Technical and clinical success rates were 94.1% and 73.5%, respectively. Six patients died within one month of TAE. A repeat TAE was performed in three patients. Surgical removal and hemostasis for subcapsular hematoma were done in four patients. One patient had liver failure. The retrograde portal venous flow was observed in 18 patients. The difference in technical and clinical success rates and blood test results after TAE between the two groups was statistically insignificant.
TAE is an effective and safe treatment for subcapsular hematomas of the liver. The success rates of TAE and liver damage due to TAE did not differ between patients with and without retrograde portal venous flow.
本研究旨在评估经导管动脉栓塞术(TAE)治疗肝包膜下血肿的技术成功率和临床成功率。

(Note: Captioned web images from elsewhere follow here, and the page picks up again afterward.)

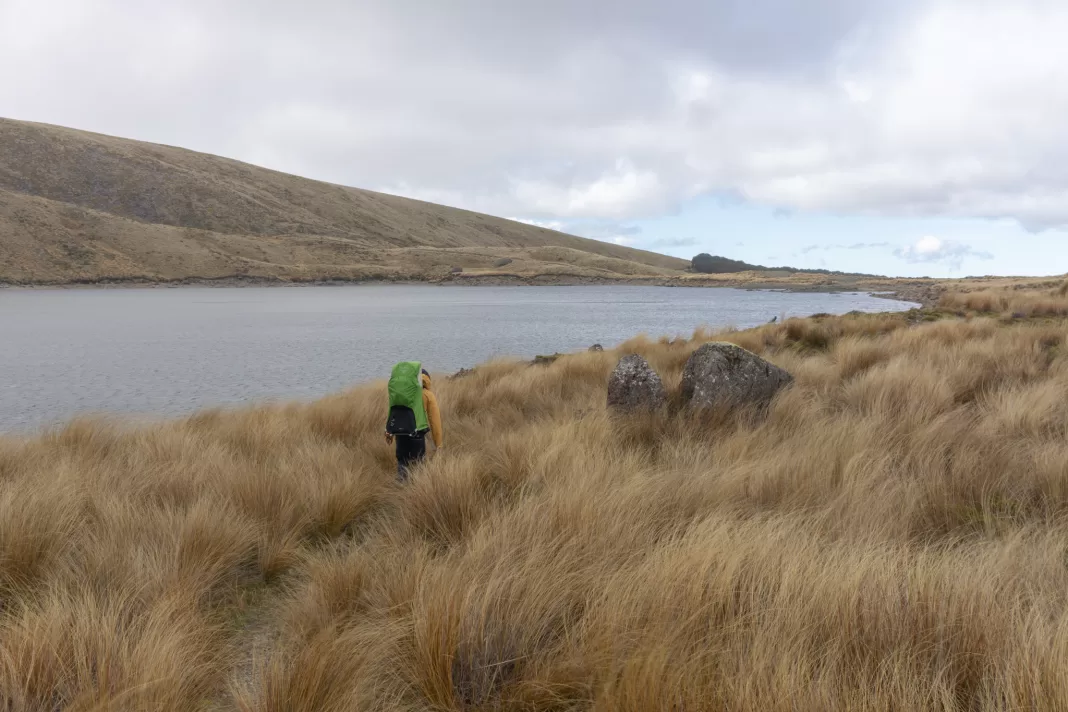 Man walking next to Lake Sylvester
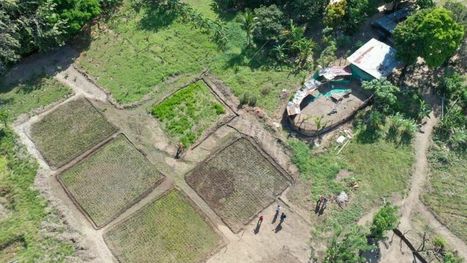 PANAMA: Reos de Coclé sembrarán sus propios alimentos en granja de Llano Marín | SRI Global News: February - April 2024 **sririce -- System of Rice Intensification | Scoop.it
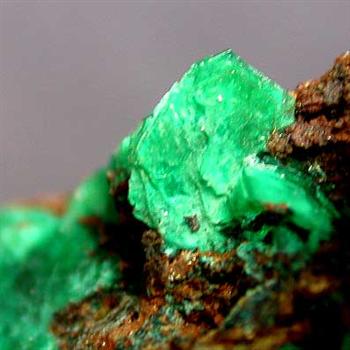 Chalcophyllite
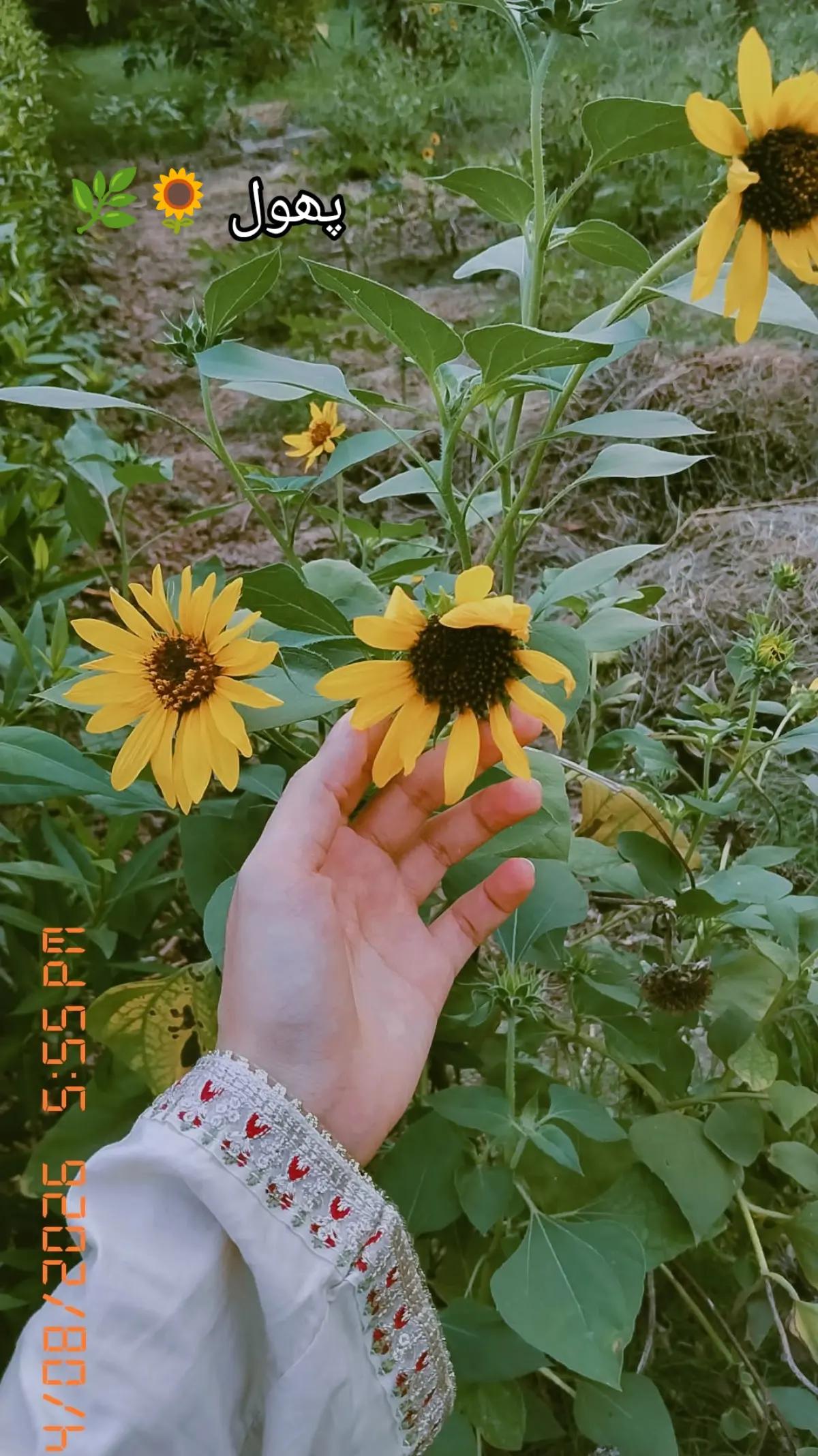 @عیش🦚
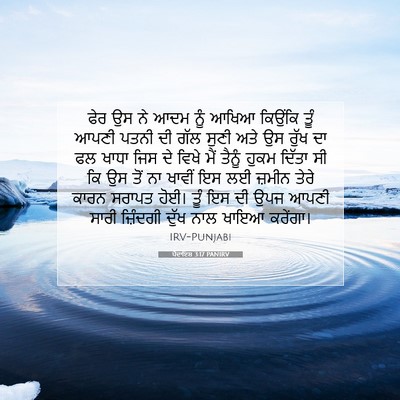 Picture 07 - ਪੈਦਾਇਸ਼ 3:17 PANIRV - ਫੇਰ ਉਸ ਨੇ ਆਦਮ ਨੂੰ - Bible Verse Picture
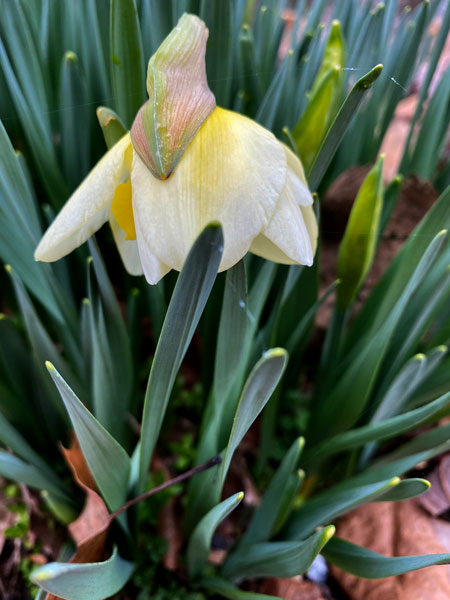 02-02 First daffodil i8131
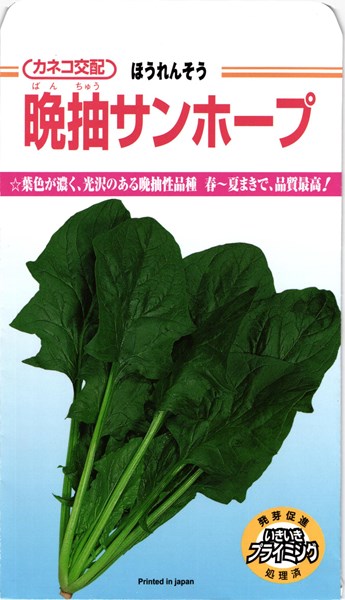 ホウレンソウ 種 『晩抽サンホープ』 カネコ種苗/小袋（31ml）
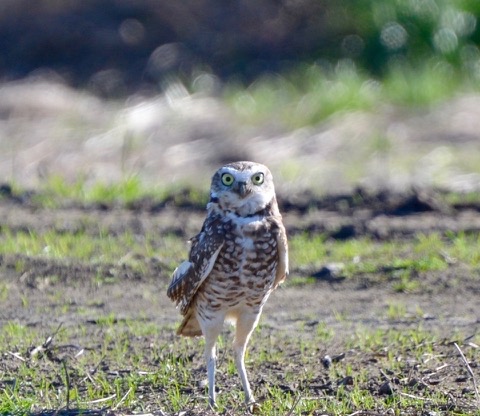 front view of Burrowing owl standing in a field and looking at the camera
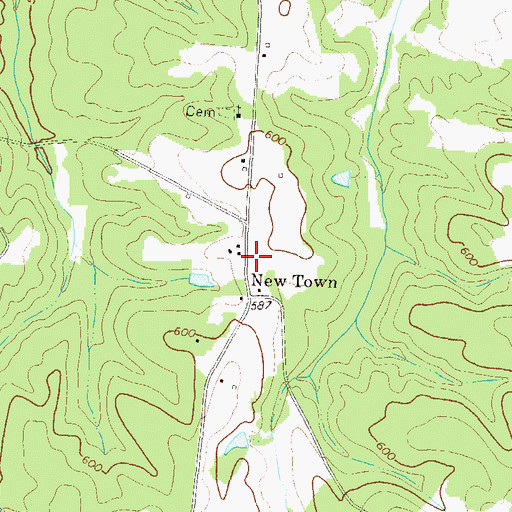 Topographic Map of Newtown Fire Department, GA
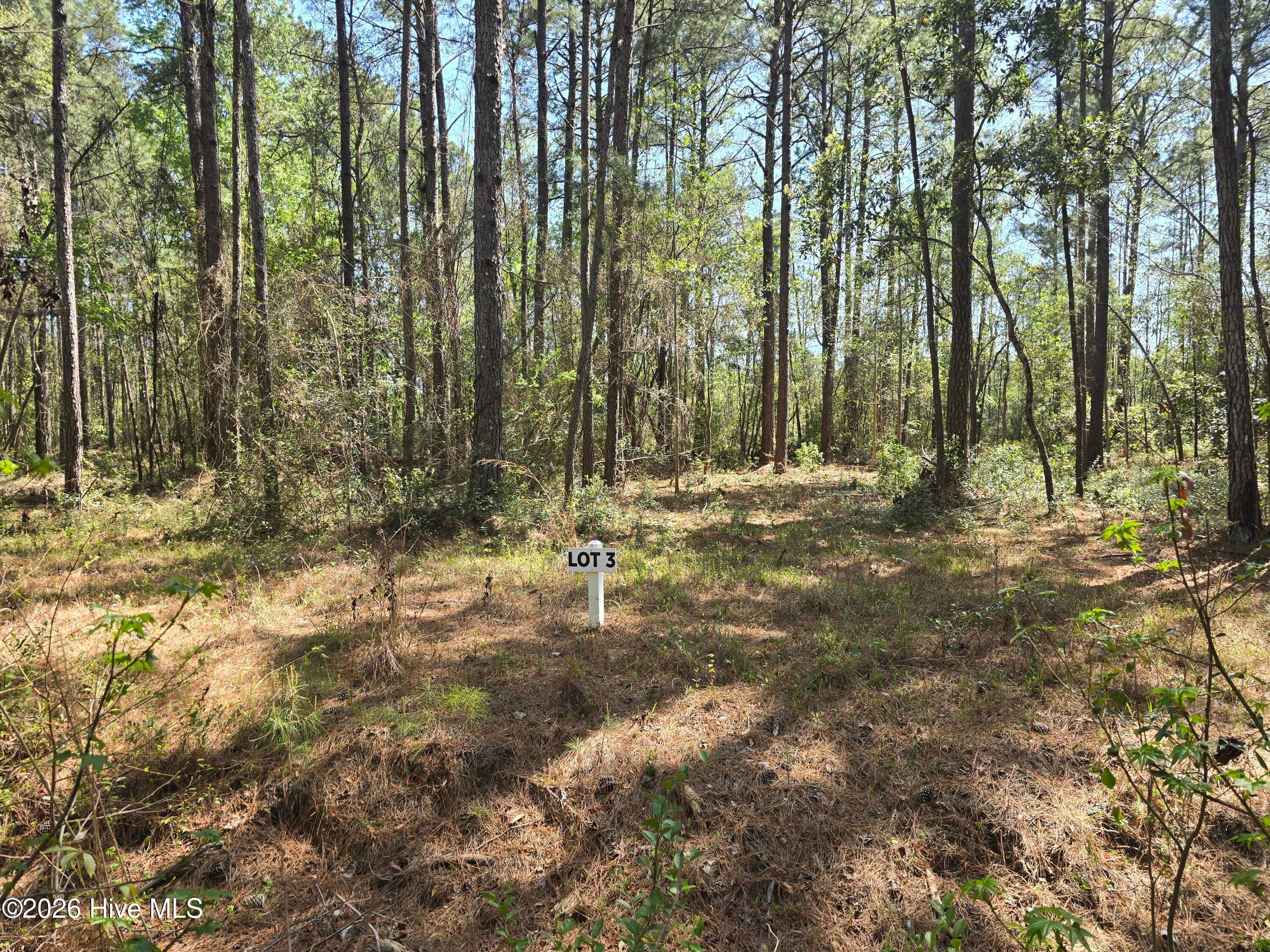 Residential Lot at Lot 3 3 Renee Drive, Hampstead, NC 28443, photo 3 of 6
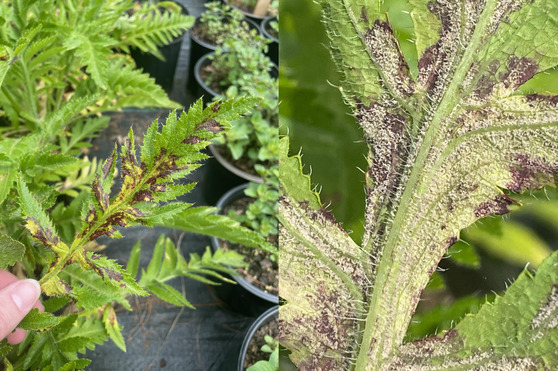 Angular leaf spots of poppy downy  mildew on the upper surface of a poppy leaf and fungal sporulation on the lower leaf surface.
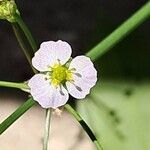 Alisma lanceolatum Flower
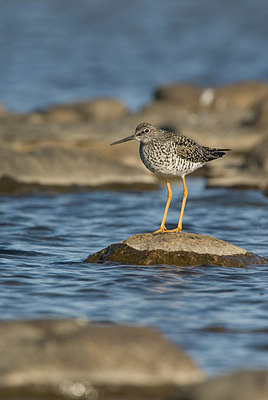 BUITEN BEELD Foto: 166866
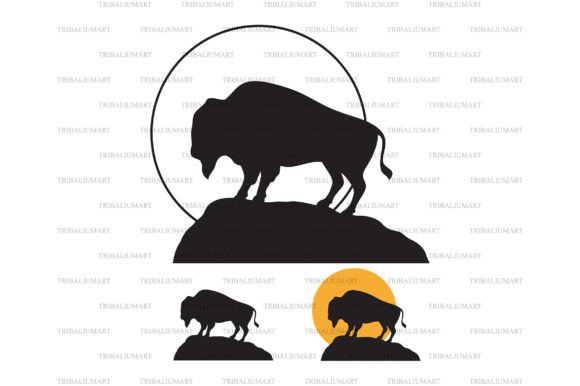 Download American Bison (Buffalo) at Sunset - Buffalo Collection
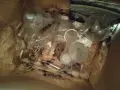 Ретро Медицински принадлежности, снимка 8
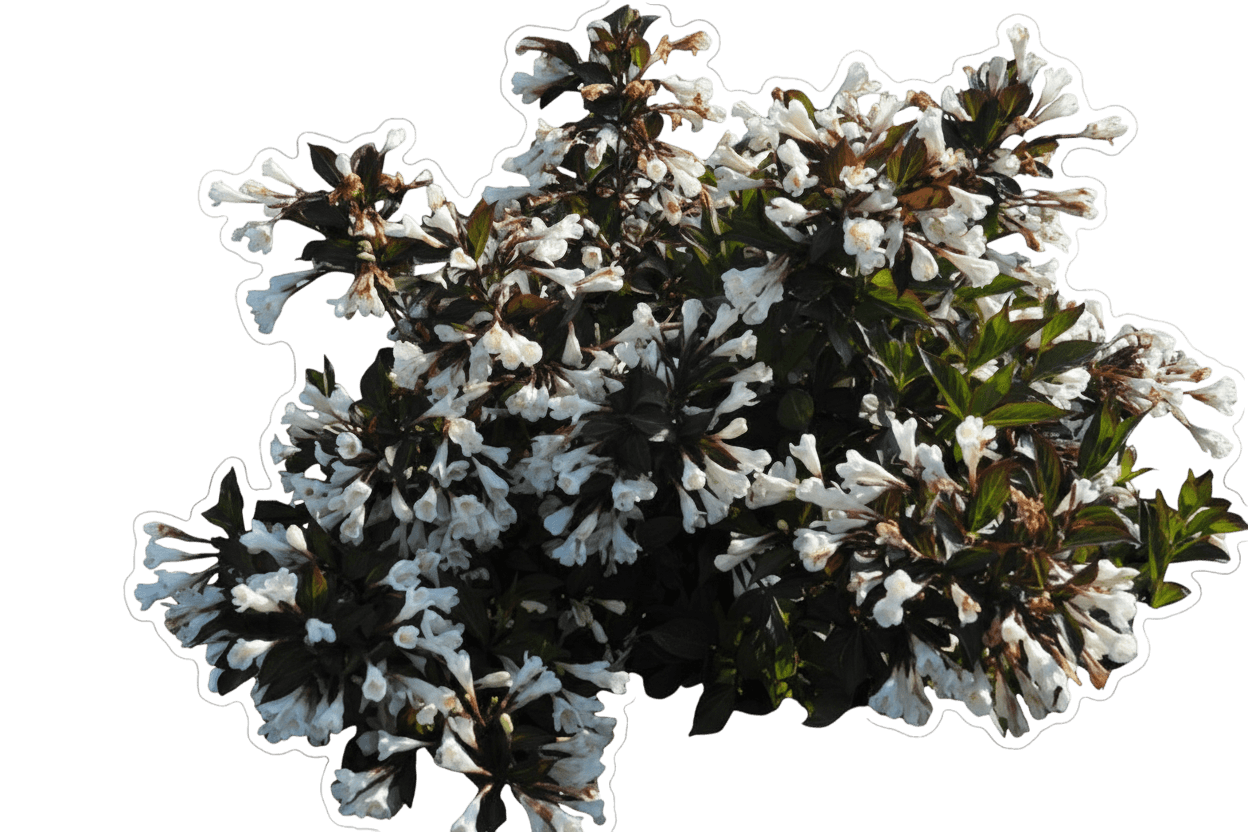 Weigela, Date Night Tuxedo (Weigela ‘Velda’) - Ground Layers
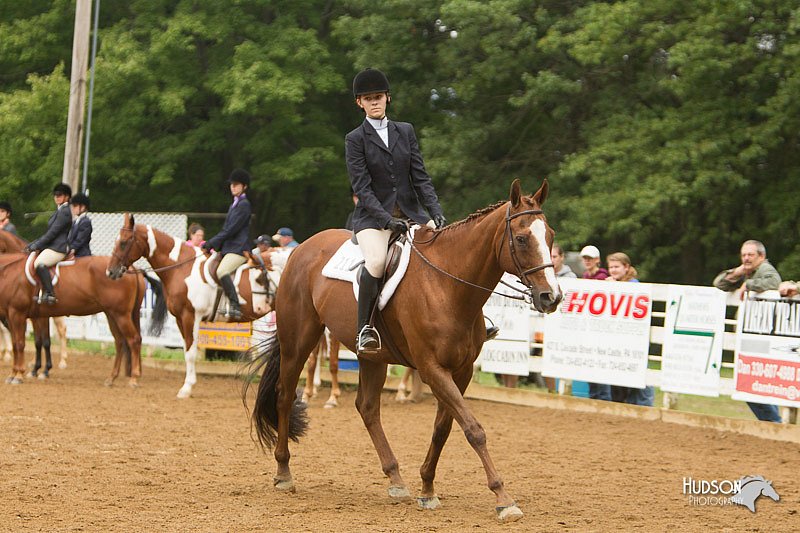 4H-Districts-11_1530.jpg
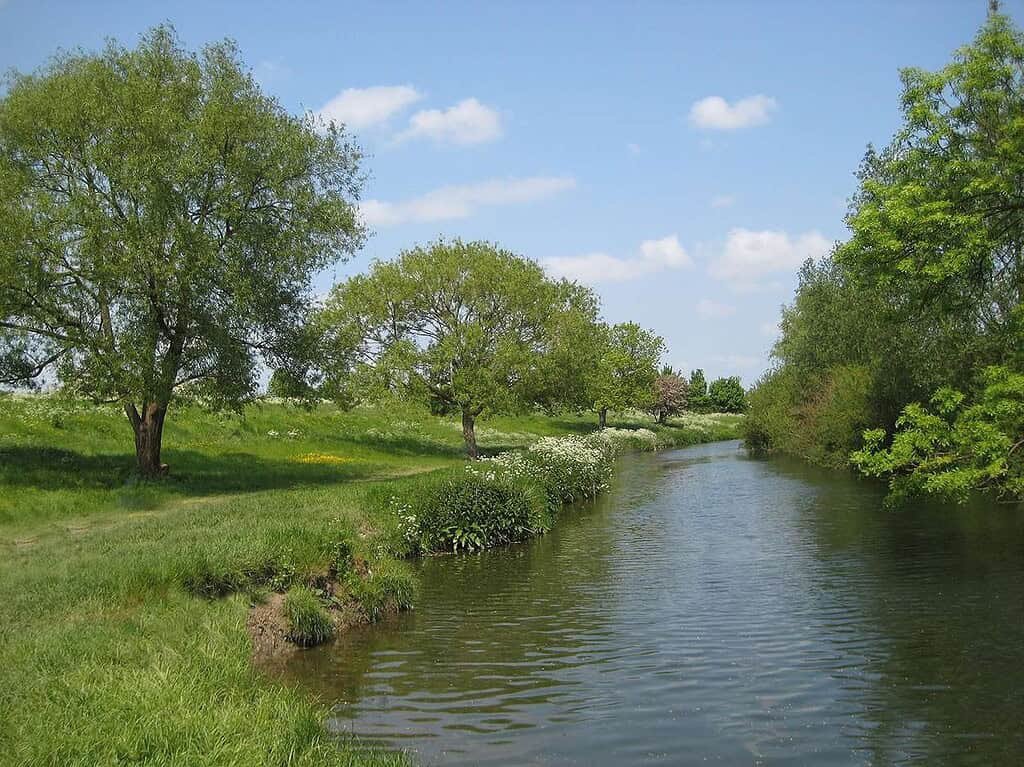 Tranquil river in Cambridge with lush greenery and blue sky, perfect for guided tours and scenic walks.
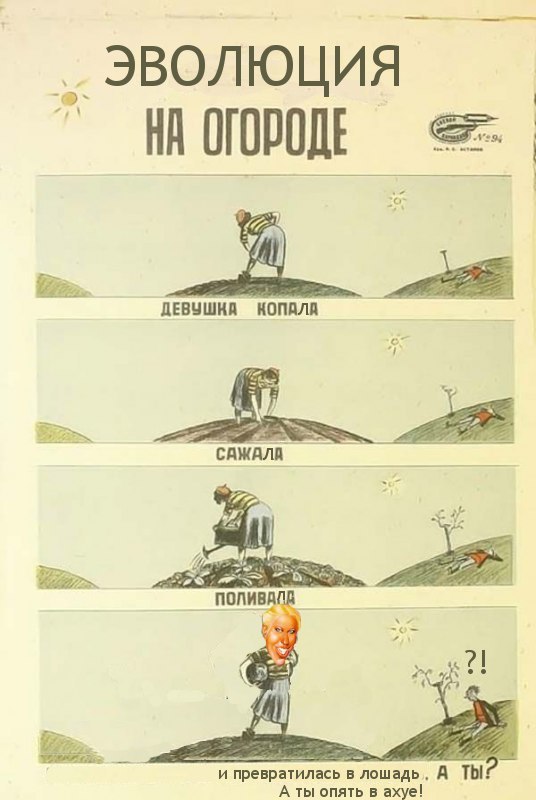 На огороде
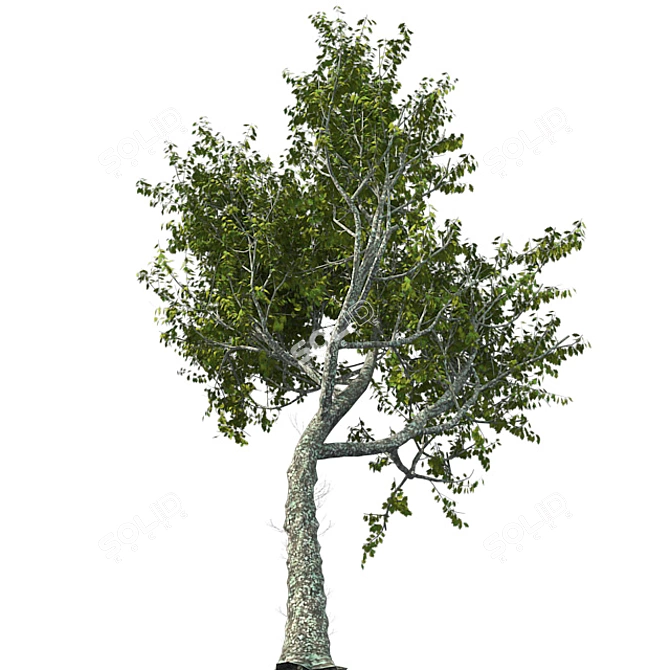 Premium Red Oak Tree 3D model image 3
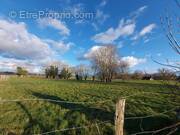 Terrain à BOISSEY-LE-CHATEL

2010年1月至2022年3月期间,34例患者接受了TAE治疗肝包膜下血肿。肝包膜下血肿的病因包括肝肿瘤破裂(n = 12)、创伤(n = 12)、医源性并发症(n = 9)和自发性出血(n = 1)。评估了TAE的技术成功率和临床成功率、TAE后的血液检查结果以及额外治疗情况。根据血管造影时有无逆行节段性或叶性门静脉血流将患者分为两组。比较两组TAE后的技术成功率、临床成功率和血液检查结果。
技术成功率和临床成功率分别为94.1%和73.5%。6例患者在TAE后1个月内死亡。3例患者进行了重复TAE。4例患者进行了肝包膜下血肿的手术切除和止血。1例患者出现肝衰竭。18例患者观察到逆行门静脉血流。两组TAE后的技术成功率、临床成功率和血液检查结果差异无统计学意义。
TAE是治疗肝包膜下血肿的一种有效且安全的方法。有无逆行门静脉血流的患者TAE的成功率及TAE所致肝损伤无差异。